I started out in AWS for which Jeremy provided some AMI’s. However, using these AMI’s you need to pay for the EBS volume even when the machine is not running. So I followed some guides that had a more sophisticated approach, and mounted the volume on boot. This was fun to play around with, but took some time. The field is developing rapidly, and blogs and guides with installation instructions from even a few months are typically outdated. I found myself struggling to get the stack right: choose the right version of CUDA (not too new, not too old), installing Theano, Keras, all the libraries.
Then halfway through, it became clear that part two of the couse would use Tensorflow, so I installed the whole stack again. I learned a lot but also spend a lot of time on infra, that I didn’t spend on actually applying deep learning.

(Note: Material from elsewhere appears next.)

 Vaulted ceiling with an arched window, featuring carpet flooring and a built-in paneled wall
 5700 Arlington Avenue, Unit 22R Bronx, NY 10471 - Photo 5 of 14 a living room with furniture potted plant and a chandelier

So I decided to do a second pass of the course. Anno 2018, the course is based on PyTorch so I’ll start from scratch again. I will still be running my own infra, but opt for pre-build images or Docker images whereever possible. The aim is to do more coding this time.
My setup this year
I’m going to use Google Cloud Platform because it’s been a while since I last worked on GCP and I like to keep up with the clouds. I found this guide with Deep Learning VMs and booted one in my subscription. Next was installing Anaconda, cloning the fast.ai repo and installing all the Python packages. But while installation appeared to be fine, I could not load the libraries in my Juyter notebook. Possibly this is caused by the fact that the VM image has both Python 2 and 3 and this makes things unneccesary complex. I would have much preferred two seperate VM images for Python 2 /3. I have gone down this road (debugging installations by other people) before and do not like it.
Docker
My work this year has involved tons of Docker/Kubernetes. I was always skeptical about Docker for production usage, but the tooling has improved much and it really has a lot of benefits. My next thought was that I could isolate the (rapidly changing) Python environment from the more stable VM using Docker.
So I went out to find a Docker image I could use for the fast.ai course. It turns out that paperspace/fastai:cuda9_pytorch0.3.0
exists. However, this has the whole cats vs dogs
dataset embedded which I don’t think is a great idea!
Via the forums I found this post which refers to this container by Kai Lichtenberg and it worked perfect for me. It is based of nvcr.io/nvidia/pytorch:18.05-py3
which has the required drivers, Python 3 and even PyTorch. Note that this image is not available on Dockerhub so you’ll need to head over to NVIDIA Cloud which is just another Docker registry. After signing up you get an API key which can be used to to pull the Docker containers.
I mount my data and notebooks into the Docker image on startup like this: docker run --runtime=nvidia -it --rm --ipc=host -v ~/data:/fastai/data -p 8888:8888 kailicht/fastdotai
.
Note the --ipc=host
flag, this is really important! Everything was working for me, but training a model was really slow. I found this explanation: “Please note that PyTorch uses shared memory to share data between processes, so if torch multiprocessing is used (e.g. for multithreaded data loaders) the default shared memory segment size that container runs with is not enough, and you should increase shared memory size either with –ipc=host or –shm-size command line options to nvidia-docker run.”
So it still took me some hours but I now have nice setup that I can easily reproduce.